Between 2021 and 2022, she has paid for five more plots of land but has not received any of them yet. In June 2021, she invested 5 million naira in Oxford, and by November 2021, she had invested another 30 million naira and received none of them.

A post-dated cheque for 30 million naira from Oxford to Oyedijo

“Oxford demanded 5% for documentation and 30,000 naira per plot for allocation, which I paid in full. They also promised me two and a half plots but they gave me nothing,” Oyedijo told FIJ.

“In June 2022, Oxford started stalling me when my money was due. I couldn’t even finance my son’s wedding. They struggled to give me 5 million naira out of the 35 million naira I had invested and since then they have not released my remaining 30 million naira. I estimate they owe me 88.5 million naira in today’s naira value but I want my 30 million naira back.”

When FIJ called Teniola Adesanya, chairman of the Oxford International Group, his connection was not connected.
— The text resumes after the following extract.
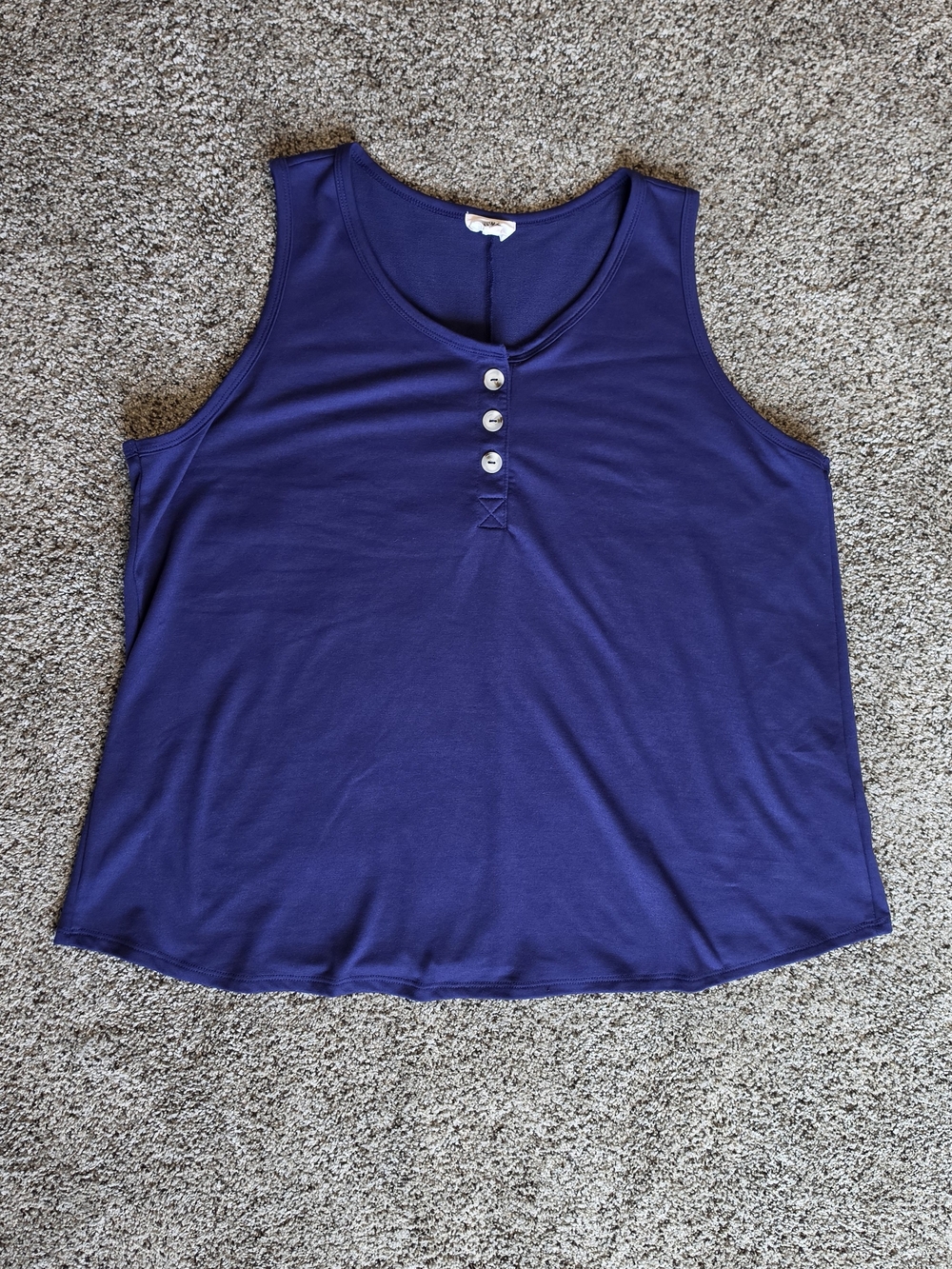 ANDREE BY UNIT Navy Sleeveless Henley Tank Top, 2X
Eight days later, he had still not responded to a text message sent to his phone.

ALSO READ: Instagram hair influencer Tessy Oluchi defrauded investors of millions – and even asked them to pay more!

THE CHAIRMAN OF THE OXFORD GROUP HUNTS FOR OXFORD INVESTORS

Olamilekan Akinduro, a Lagos-based accountant whose funds are still held by the Oxford Group, joined forces with other disgruntled investors to form a group aimed at recovering their funds. Adesanya was not happy with this action. He approached the police, accusing Akinduro of inciting violence against him.

In a separate conversation with FIJ this year, Akinduro mentioned that he had been in touch with other frustrated Oxford Group investors and they were planning to find a way to get their money back.

Akinduro later informed FIJ that members of the group of aggrieved investors pooled money with which he and another investor travelled to Abuja, where they presented their case to Benjamin Kalu, the Deputy Speaker of the House of Representatives.

On August 10, the Special Investigation Unit (SIU) of the Nigeria Police Force (NPF) arrested Akinduro is said to have mobilised the Oxford International Group investors group to demand their overdue payments, but authorities claimed he formed the group to incite violence against Adesanya.